Into late 2009, the UPDF began to score some significant victories, including the capture of one of Kony's most senior officers, Major Okot Atiak, and the killing of at least seven other senior LRA leaders. In November, another senior commander, Lt. Colonel Charles Arop, surrendered to the UPDF. It later transpired that on 2nd October, the UPDF had come close to securing the biggest prize of all when, in an attack in Djemah in Eastern CAR, they had fired upon, and almost captured, Joseph Kony himself.

However, the optimism which followed these victories proved short lived. By the end of 2009, it was increasingly obvious that these military successes were coming at a terrible price, as the LRA, in its weakened state, was carrying out ever greater predations on surrounding civilian populations, as the group looted supplies, and sought to bolster their ranks through the forced recruitment of child soldiers. In one attack in December 2009, LRA fighters killed an estimated 345 civilians over 4 days in Haut-Uele (DRC) in the largest single massacre in the group's 23 year history. By August 2010, it was estimated that in the preceding 18 months, Kony's men had killed up to 2000 civilians (which would again make it the bloodiest 18 months in the group's history). Over the same period, the LRA had also kidnapped 1,600 more people, and had caused a massive 300,000 to flee their homes.

In addition, despite the UPDF's best efforts to disrupt Kony's command and control structures, by mid-2010 the LRA had reestablished organizational coherence, by moving to a 'zonal' mode of operation. In this way, each remaining LRA commander was allocated a particular zone in which he could operate without further authorization from Kony. Thus, Kony's brother, Major David Olanya, was allowed to operate freely in Maboussou-Gambala (CAR), General Binasio Okumu in Obo (CAR), and so on. Operating as independent units in this way, the LRA became much more difficult to disrupt than it had been previously, and it was able to operate over a much wider area. By mid-2010, the group's increasingly bloody attacks were being carried out as far apart as the extremes of Orientale Province (DRC), Western Equatoria (Southern Sudan) and in Eastern CAR as far north as the border with Chad.

At the same time, the UPDF force deployed in the CAR in pursuit of the LRA had began to run into problems of its own. Primary among these was a wave of infighting among the leadership, which eventually resulted in the force commander, Colonel Emmanuel Rwashande, being replaced.
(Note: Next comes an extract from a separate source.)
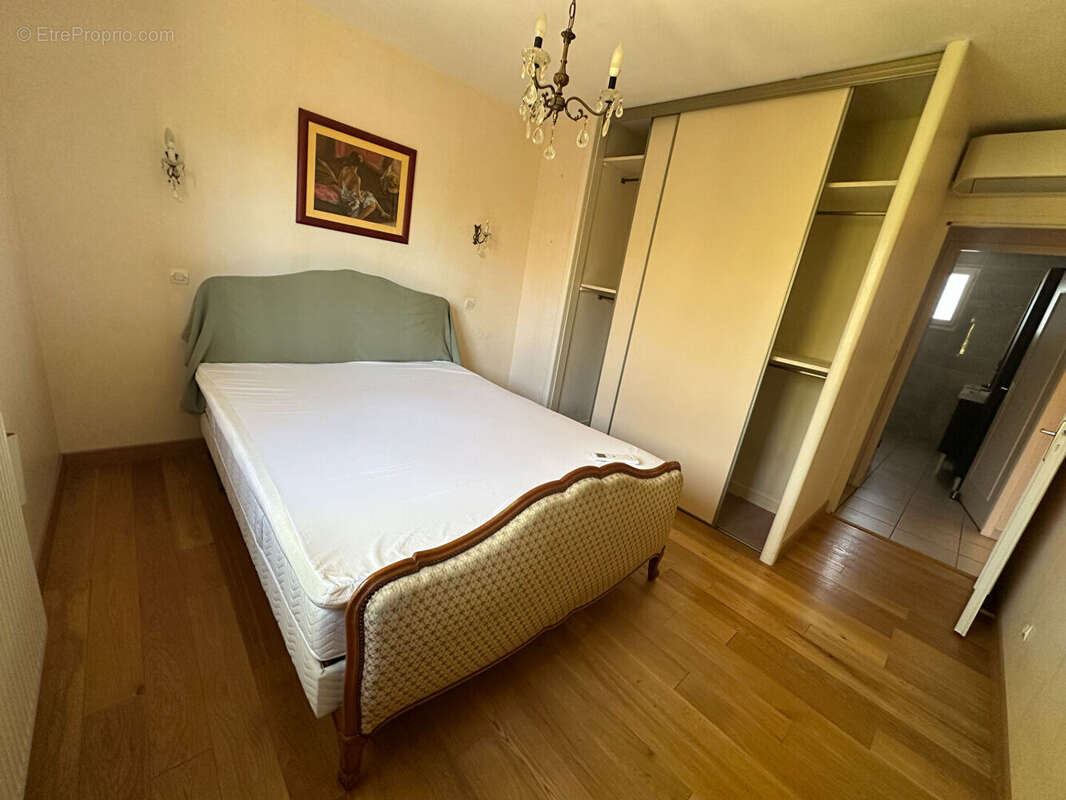 Maison à ECULLY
In addition, the Ugandan government decided to withdraw 1000 of the 7000-strong force, and to redeploy these men to Karamoja in North-western Uganda. Further drawdowns are also likely as President Museveni seeks to bolster security back home ahead of the next February's presidential elections.

Thus, by September of this year, the LRA had become significantly emboldened that they appear to have made contact with the Khartoum controlled Sudanese Armed Forces (SAF). The LRA was formerly equipped by the SAF throughout its long-running insurgency in Northern Uganda. If these reports are true, it would suggest that LRA leaders are confident that they may once again prove useful to the Khartoum regime - especially if, as expected, the forthcoming referendum in Sudan results in a further round of conflict between the SAF and the SPLA.

Last week's report that Kony himself has now moved to Darfur might also point to this Khartoum connection. So too would recent reports that the LRA are also now forging an alliance with another CAR militia, the Union of Democratic Forces for Unity (UFDR) - another longtime proxy of Khartoum. Certainly, if the LRA and the UFDR were to join forces, then it would bode ill for UPDF troops in the CAR, especially given the wealth of fighting experience, and sophisticated weaponry, upon which the UFDR can draw.

I was recently at a conference at which I heard, in a paper given by a European government official, that the LRA insurgency was now on the wane and that, following the passing of the recent anti-LRA bill by the US Congress (in May this year), that the group should now on the brink of a final defeat. I hope that he's right, of course. However, the first time I was told that the LRA were on the brink of defeat was in 1997.